Isso é fundamental. Se alguns anos atrás você tinha dificuldades de acessar (as informações sobre orçamento) por entraves políticos e tecnológicos, hoje a tecnologia está dada; só falta resolver a questão política. Claro que tem um custo e é preciso pensar em como equipar essas prefeituras com ajuda para poder implementar essas ferramentas. Isso vai facilitar muito o processo de controle social e favorecer o cumprimento da lei por parte de órgãos. Se a Lei de Acesso à Informação for aprovada, a partir de um certo momento, vai ser obrigatório colocar à disposição todos os dados. Se a sociedade conseguir declarar claramente o que ela quer como informação e o Estado responder, teremos um processo muito interessante – e novo.

“Se o Estado precisará, por força de lei, fornecer as informações, vai ter de fazer isso de forma absolutamente pedagógica. É como fazer uma campanha de vacinação. Por que não se vai fazer uma campanha de esclarecimento para que as pessoas acessem o Estado? (…)  Tem de entrar no currículo das escolas, tem de haver um processo educativo.” – Caio Magri, gerente de Políticas Públicas do Instituto Ethos

RBA – Existe alguma página que seja referência em termos de transparência?

A da CGU. É uma referência de como deve ser um portal de transparência de dados públicos. Se a gente não tivesse, ia ficar imaginando, idealizando um. Claro que a CGU precisa se aperfeiçoar. O portal da Copa está com algumas lacunas, por exemplo, mas como é um órgão que vive da informação de terceiros, é muito bom o tratamento dos dados. É a referência de qualidade.

RBA – Muitos cidadãos não conhecem os trâmites, onde buscar a fiscalização. A Consocial pode ajudar nesse sentido?

Acho que a conferência vai ter de decidir que esta é uma linha obrigatória. Se o Estado precisará, por força de lei, fornecer as informações, vai ter de fazer isso de forma absolutamente pedagógica. É como fazer uma campanha de vacinação. Por que não se vai fazer uma campanha de esclarecimento para que as pessoas acessem o Estado? Esse diálogo de demanda e resposta, que é pedagógico, tem de ser ensinado a todo mundo. Tem de entrar no currículo das escolas, tem de haver um processo educativo. Com isso as pessoas não terão mais essa barreira da pedagogia da informação. Precisamos produzir manuais para se ler contratos, para se controlar o orçamento público…

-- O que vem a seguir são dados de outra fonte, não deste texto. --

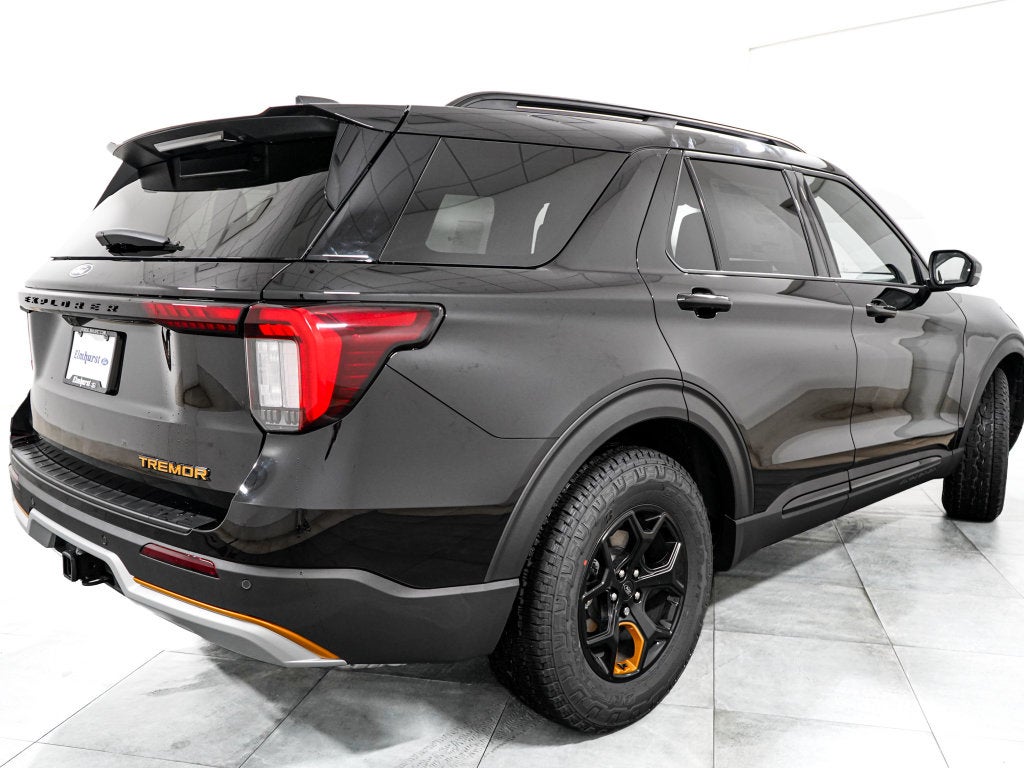 2027 Ford Explorer Tremor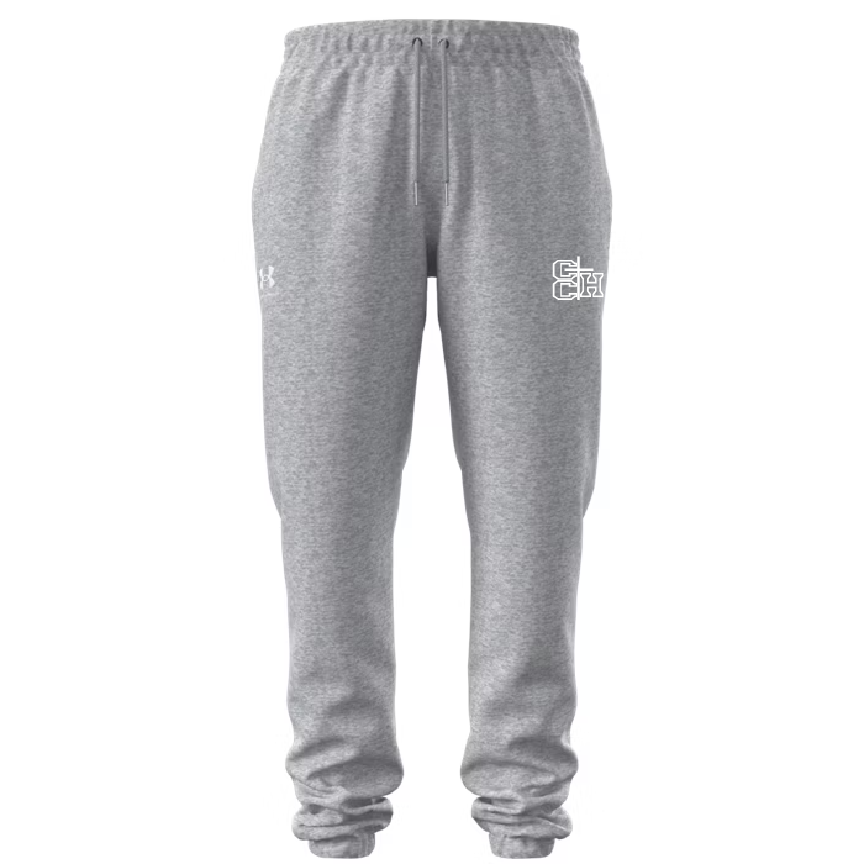 CCHFB - UA Men's Icon Fleece Joggers - 1373882-013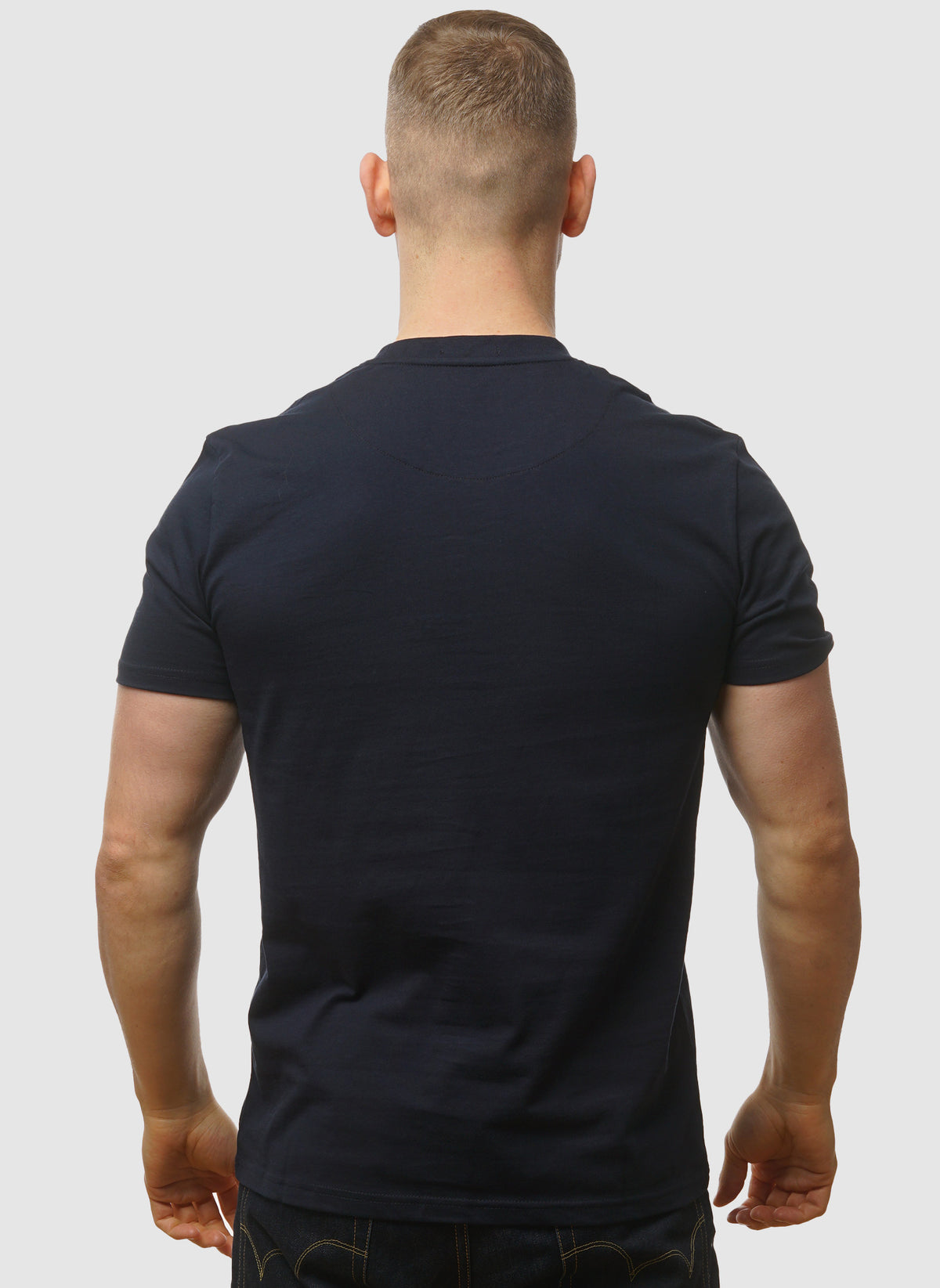 Shevchenko T-Shirt - Navy
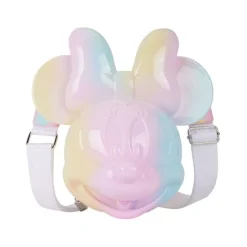 Loungefly Películas Y Personajes De Disney ·Mickey & Minnie|Bolsos Y Carteras Disney^Bandolera Minnie Mouse Tie Dye Molded de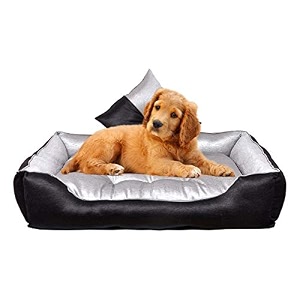 reversible dual ultra soft velvet luxury maroon black color sofa bed pet beddog bedcat bedpuppies puppy bedrabbit bedxxx_large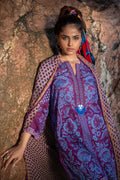 Sana Safinaz | Mahay Spring 24 | H241-010B-3CI - by - Libasekhas UK - Registered Vendor of : Sana Safinaz - 100% Original Designer Dresss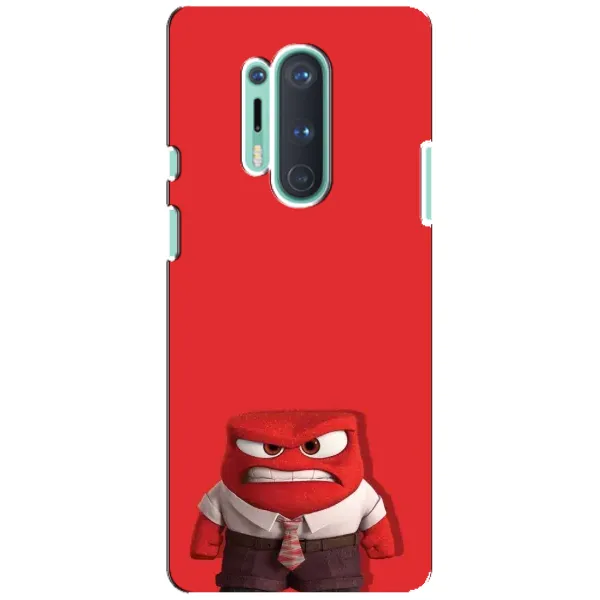 Чехол с рисунком «Гнев» для OnePlus 8 Pro Чехол с рисунком «Гнев» для OnePlus 8 Pro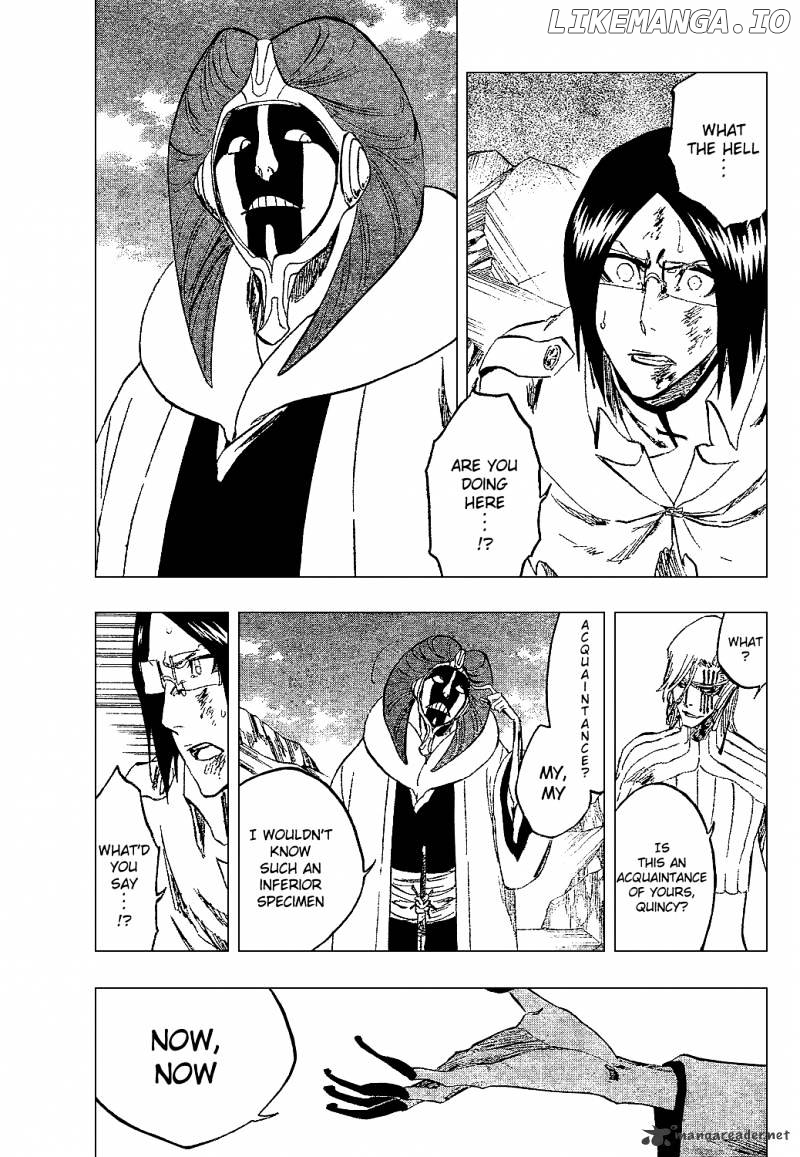 Bleach Chapter 299 - page 5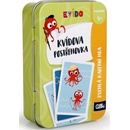 Karetní hry Albi Kvídova postřehovka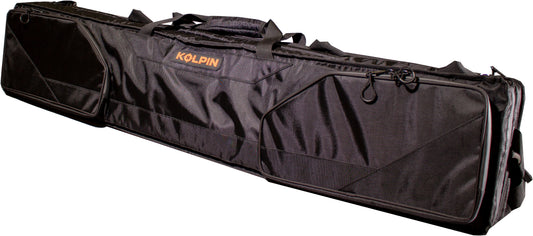 Double Utv Soft Gun Case Black
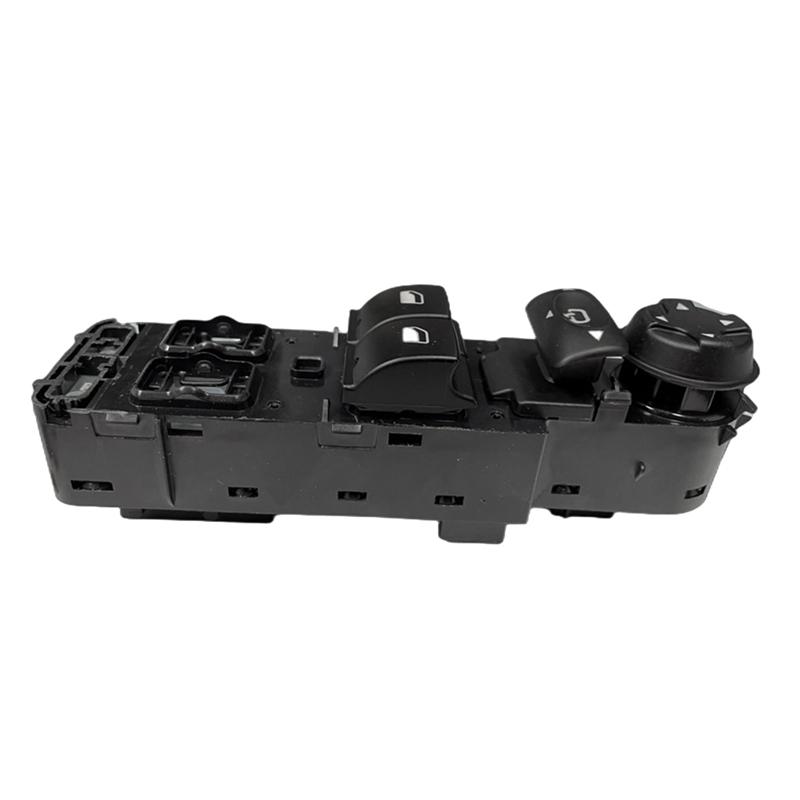 Car Master Window Control Switch Parts 96659921ZD 6490FW 6490FX For Peugeot RCZ 2010-2015 Electric Lift Rearview Mirror Button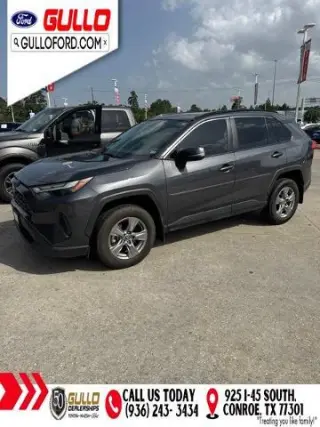 Toyota RAV4 2024 XLE 4dr SUV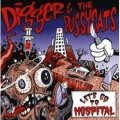Digger & The Pussycats - Let's go to hospital LP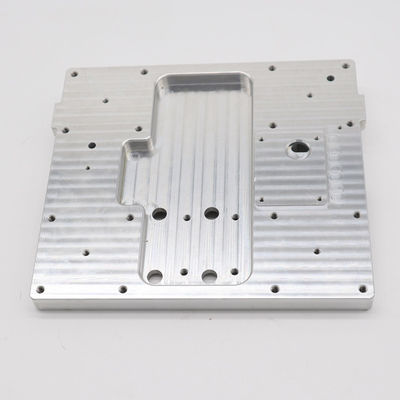 OEM Металлическая CNC фрезерная 3 4 5 оси Алюминий 6061 7050 7075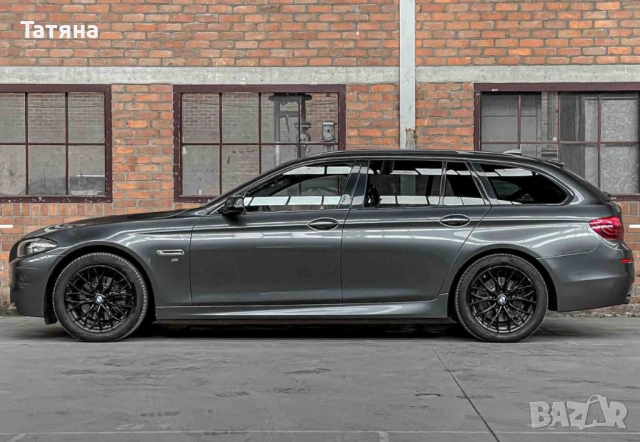 BMW 520 190k.c Xdrive Mpack Алкантара !!!173000км.!!!, снимка 14 - Автомобили и джипове - 53347435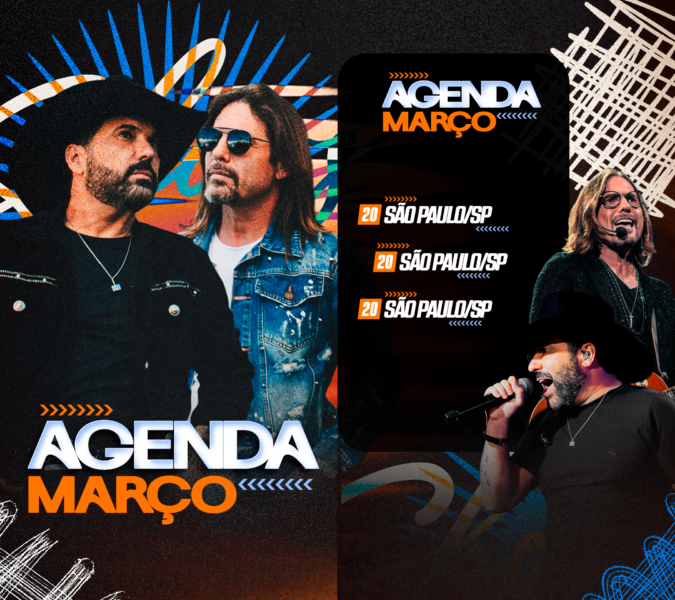 AGENDAS DE SHOWS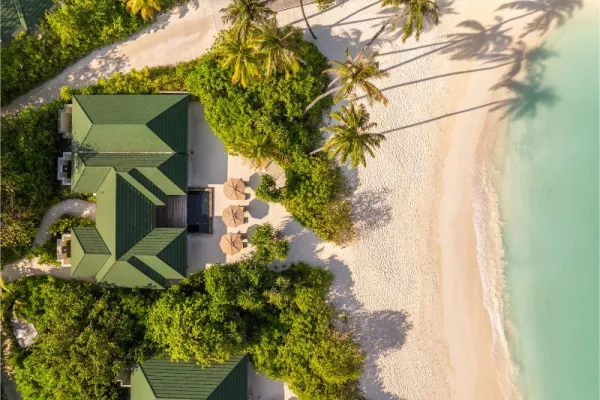 Three Bedroom Pool Beach Villa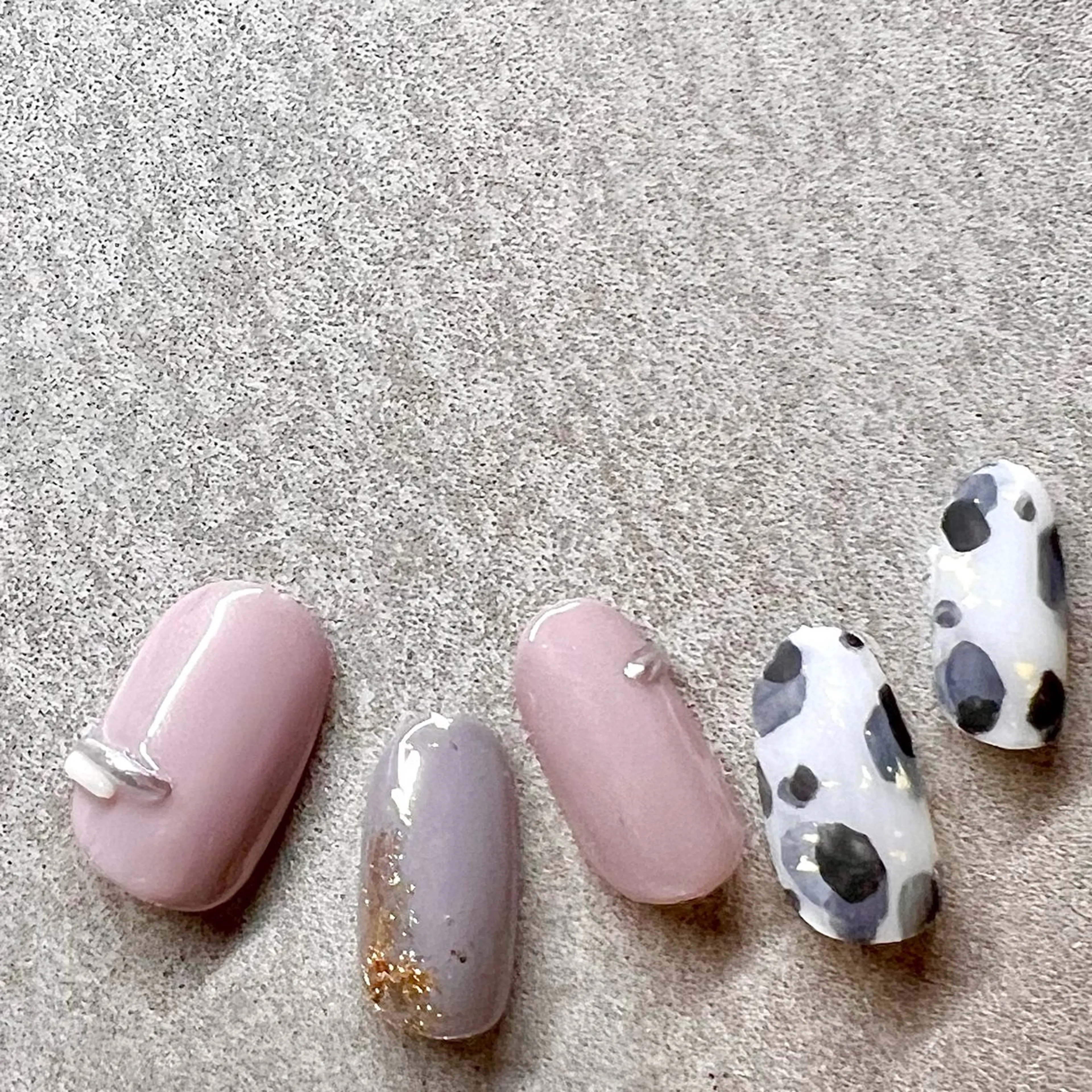 ネイル Unoa nailのネイルデザイン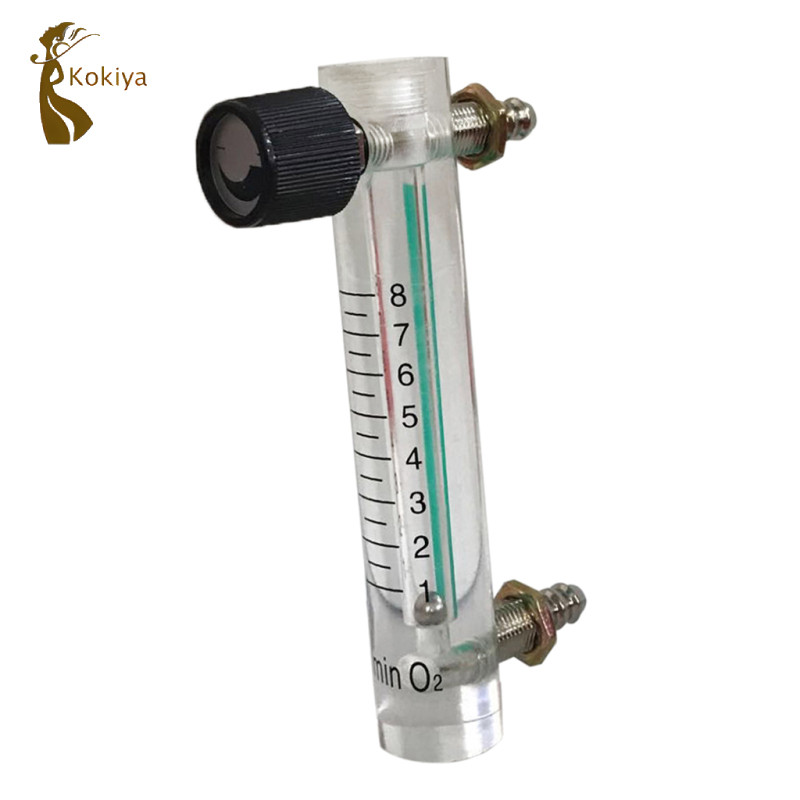 Máy đo lưu lượng máy khí Ozone oxy có van Nhẹ 0,1-1L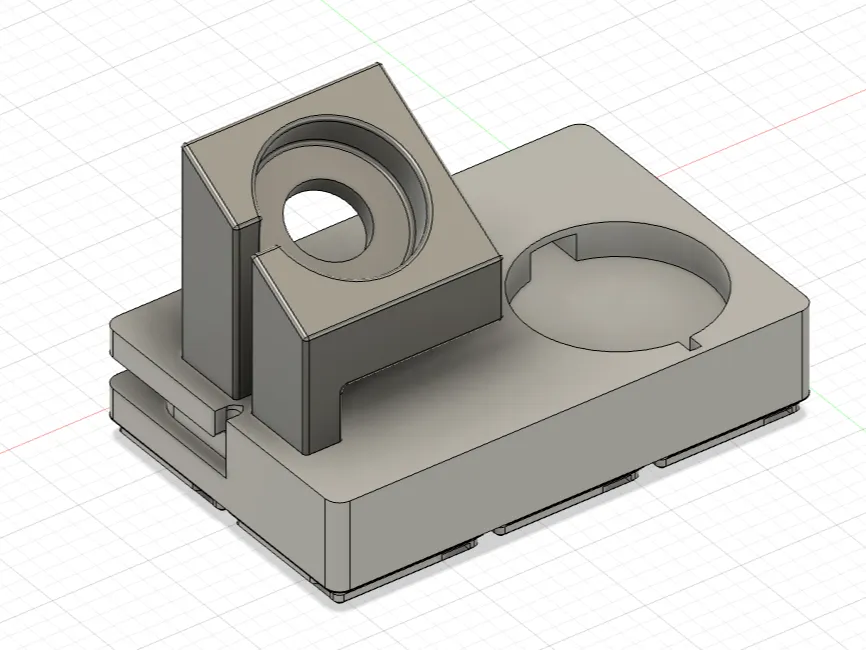Gridfinity Garmin and Oura Ring Charging Station. - Garmin Watch Stands, in stock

RBA – Que diferenças esse recorte pedagógico podem trazer?

Todo mundo fica indignado com a corrupção, mas muitas vezes continua tendo comportamentos não éticos no dia a dia. Que não é corrupção, é se aproveitar de uma situação, levar vantagem. “Jeitinho brasileiro” não pode ser confundido com corrupção, que precisa de duas partes e um agente público no meio. O jeitinho para acomodar situações muitas vezes ultrapassa essa linha. Se a gente não tiver uma cultura de ética nas relações estabelecidas em grupos, é difícil mudar a cultura de corrupção. Mas isso é lento. Se a gente conseguir ter acesso à informação e colocar o cidadão mais ativo no controle das coisas públicas, isso vai se refletir depois, nas questões culturais.